Exactly and only the lines from the one with "Atozimple SemiBold Italic Schriftart Groß" through the last line of the records need to be set down; please skip the pictures.

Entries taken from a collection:
********************
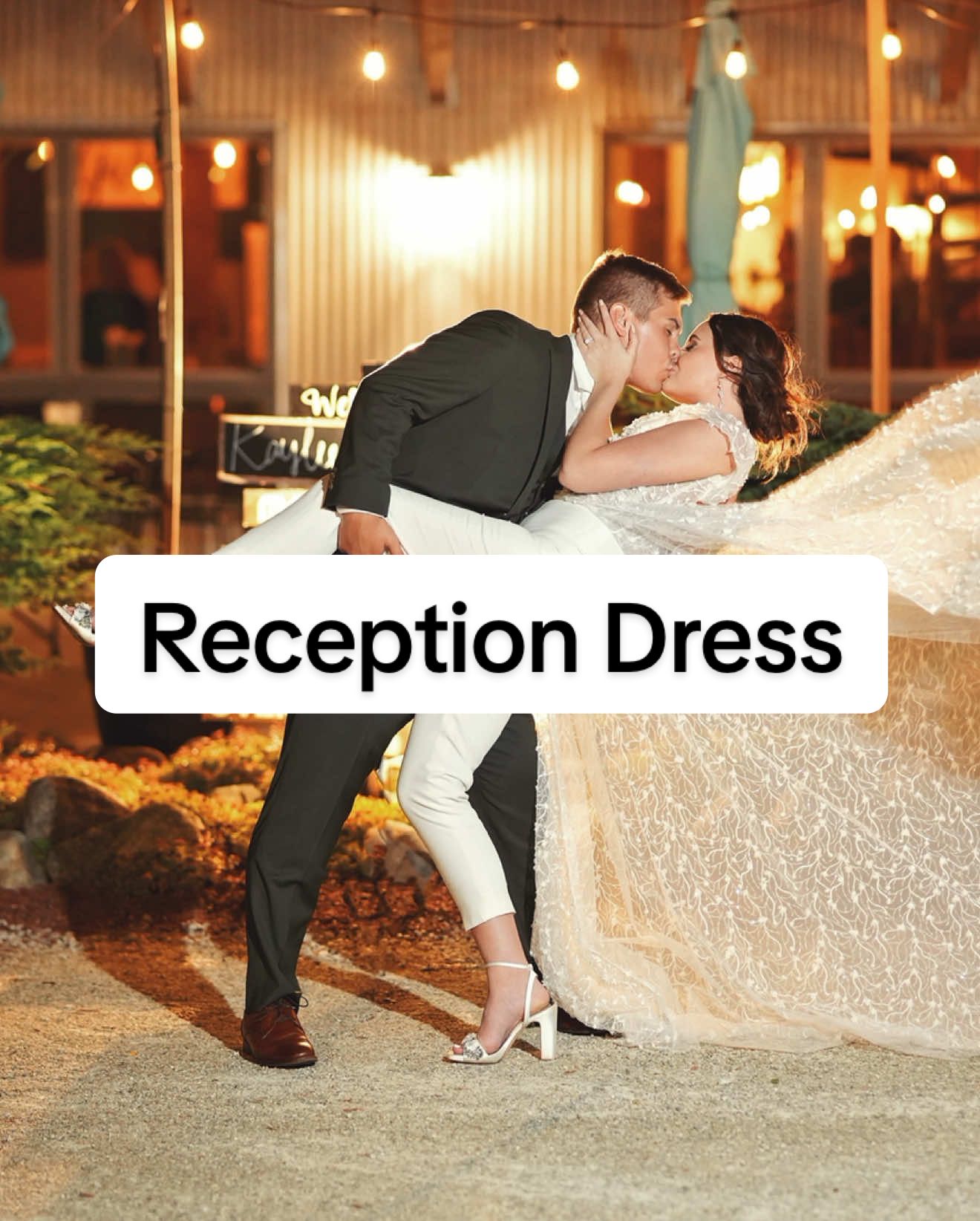 Replying to @cee kay I LOVED my reception dress! It is from @rimearodaky ! 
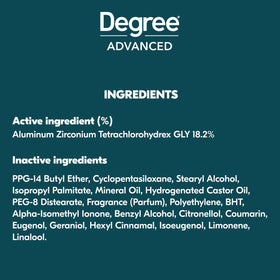Degree Ultra Fresh Antiperspirant Stick side view showing application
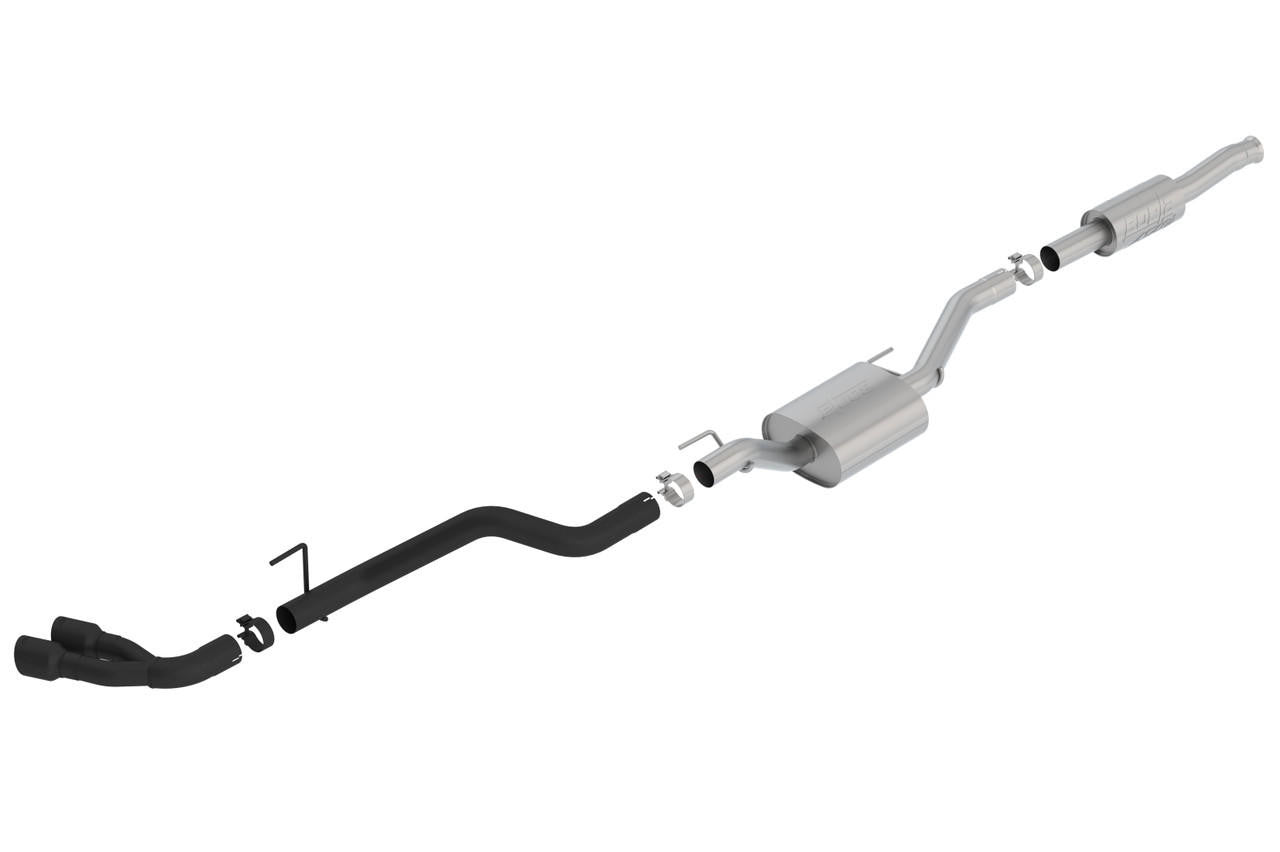 2020-2023 Jeep Gladiator JT Cat-Back Exhaust System, ATAK, Ceramic Black - Apollo Off-Road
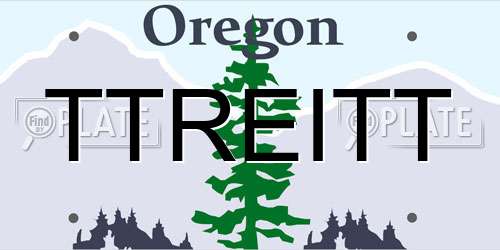TTREITT Oregon License Plate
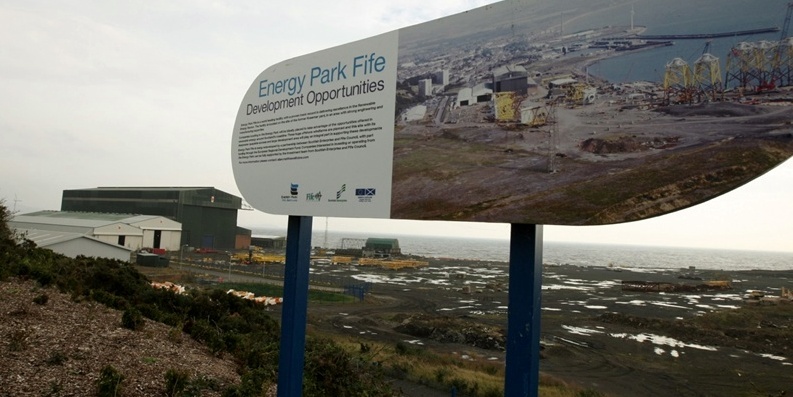 DOUGIE NICOLSON, COURIER, 24/10/11, NEWS. 



Pic shows the Fife Energy Park at Methil today, Monday 24th October 2011. To go with story by Claire Warrender, Kirkcaldy office.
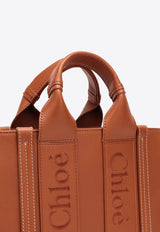 Small Woody Calf Leather Shoulder Bag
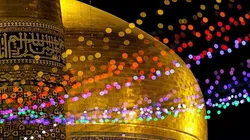 آیین بدرقه زائرین حریم رضوی از ایستگاه راه‌آهن کرج/ فیلم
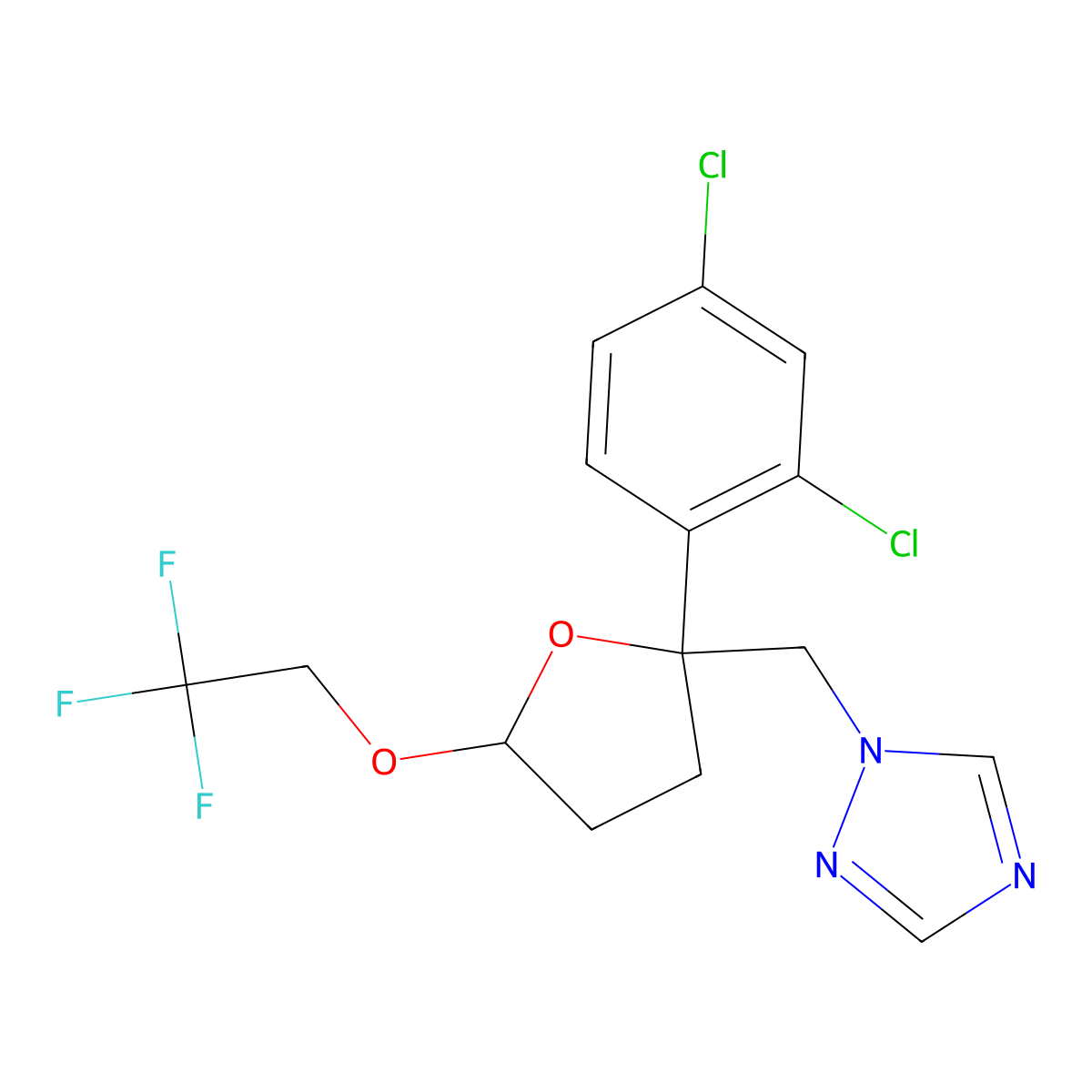 Furconazole molecular structure, CAS 112839-33-5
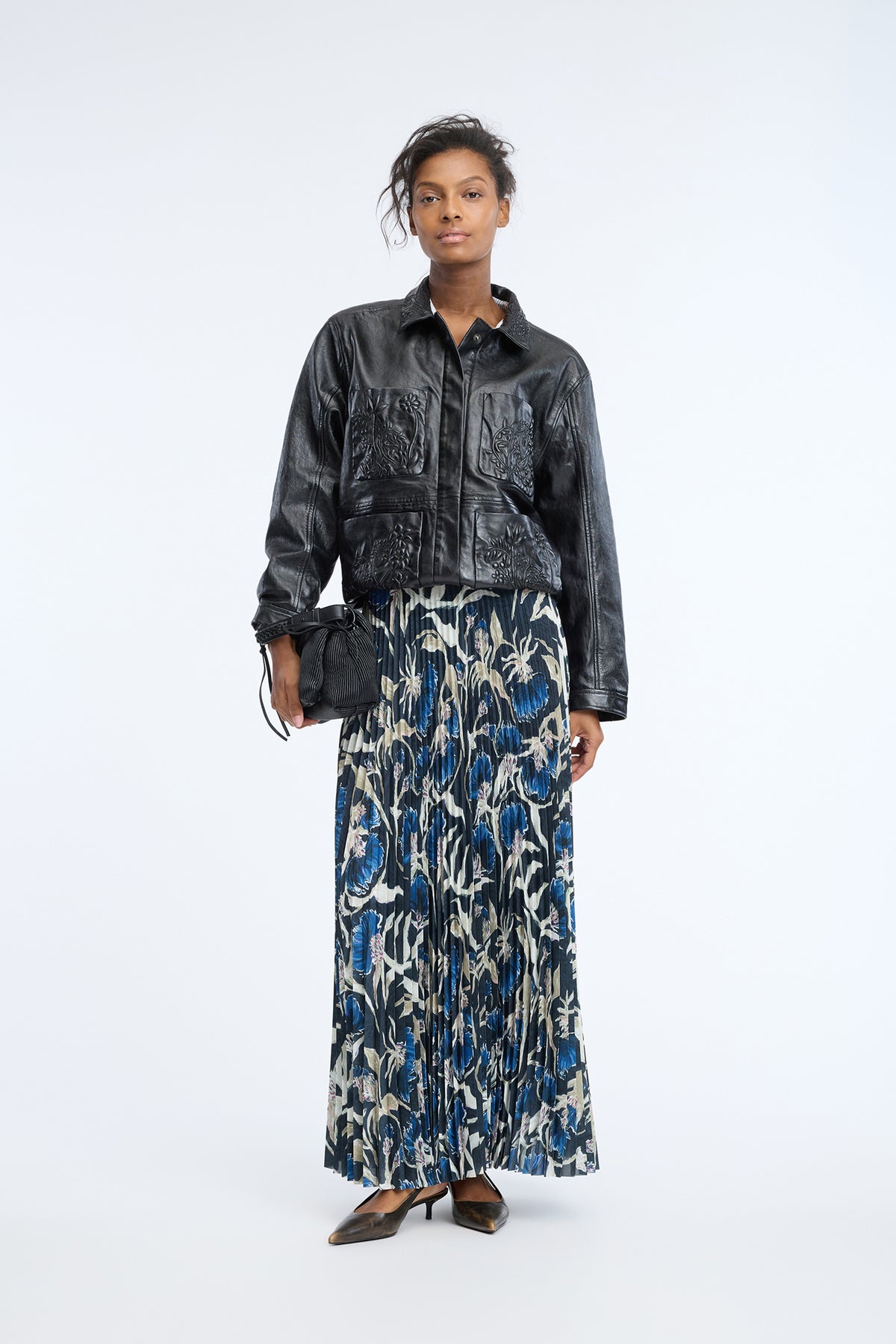 TAULLA - PRINT BLACK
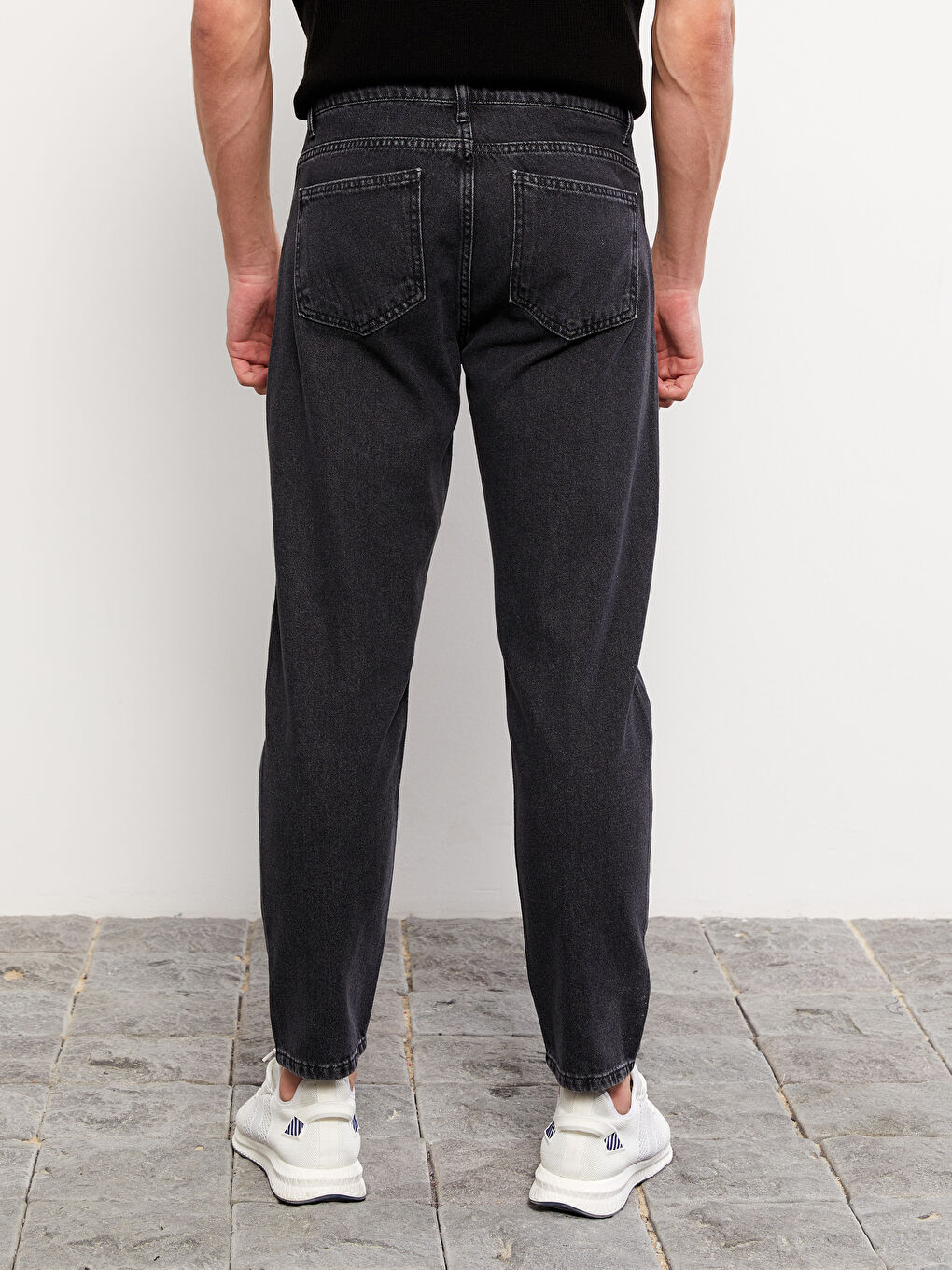 Siyah 720 Dad Fit Jean Pantolon-3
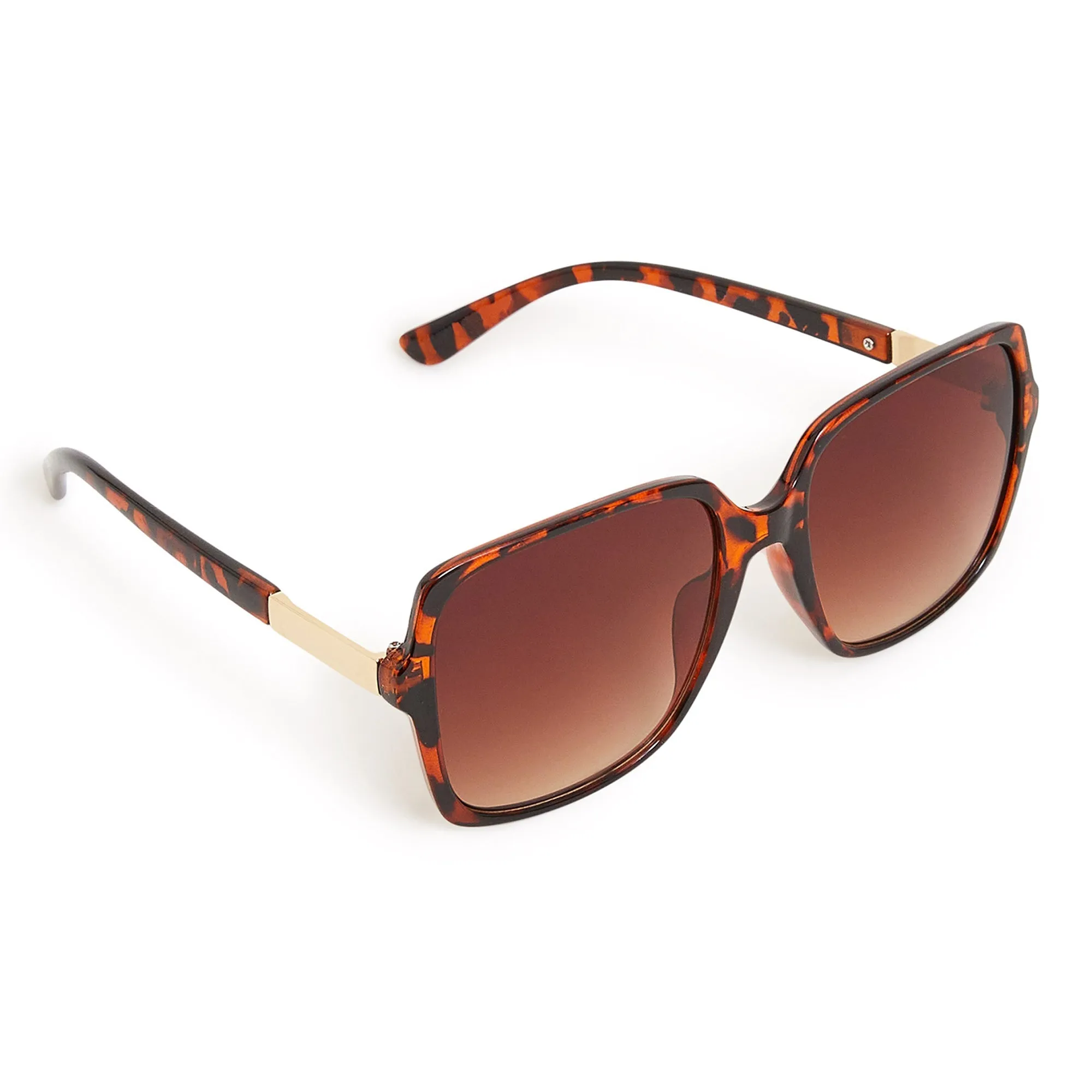 Accessorize London Women's Tortoise Shell Square Sunglasses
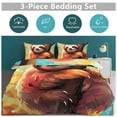 thumbnail image 6 of 3PCS Sloth Duvet Cover Set Twin, 1 Duvet Cover And 2 Pillowcase, Duvet Cover for Kids Girls Boys And Teens, 6 of 6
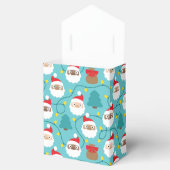 Santa Clauses Muster Geschenkschachtel (Geöffnet)
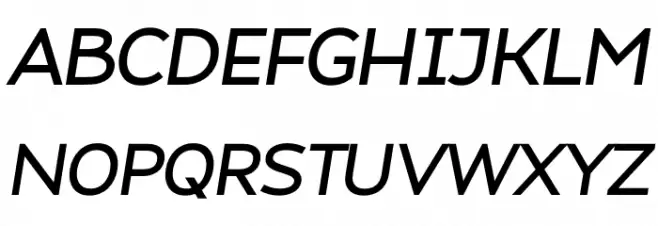 Atozimple SemiBold Italic Schriftart Groß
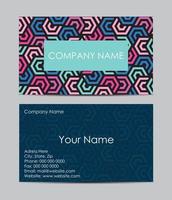 Abstract Business Card with Geometric Pattern vector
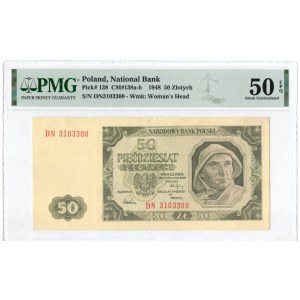 PRL, 50 złotych 1948 DN - PMG 50EPQ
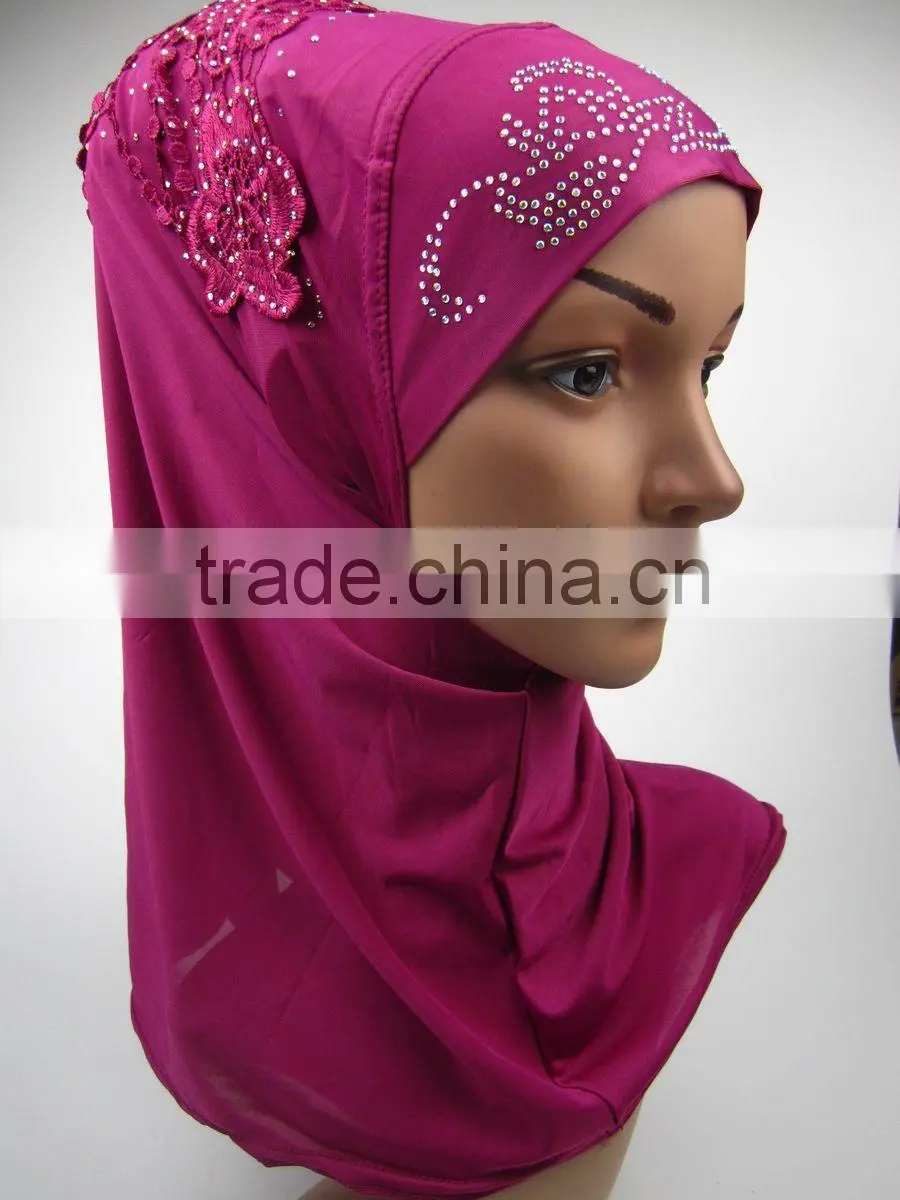 Fashion Applique HIJAB 12colors islamic Merly adult headscarf shawl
********************
*Result*:
 Atozimple SemiBold Italic Schriftart Groß
 Abstract Business Card with Geometric Pattern vector
 PRL, 50 złotych 1948 DN - PMG 50EPQ
 Fashion Applique HIJAB 12colors islamic Merly adult headscarf shawl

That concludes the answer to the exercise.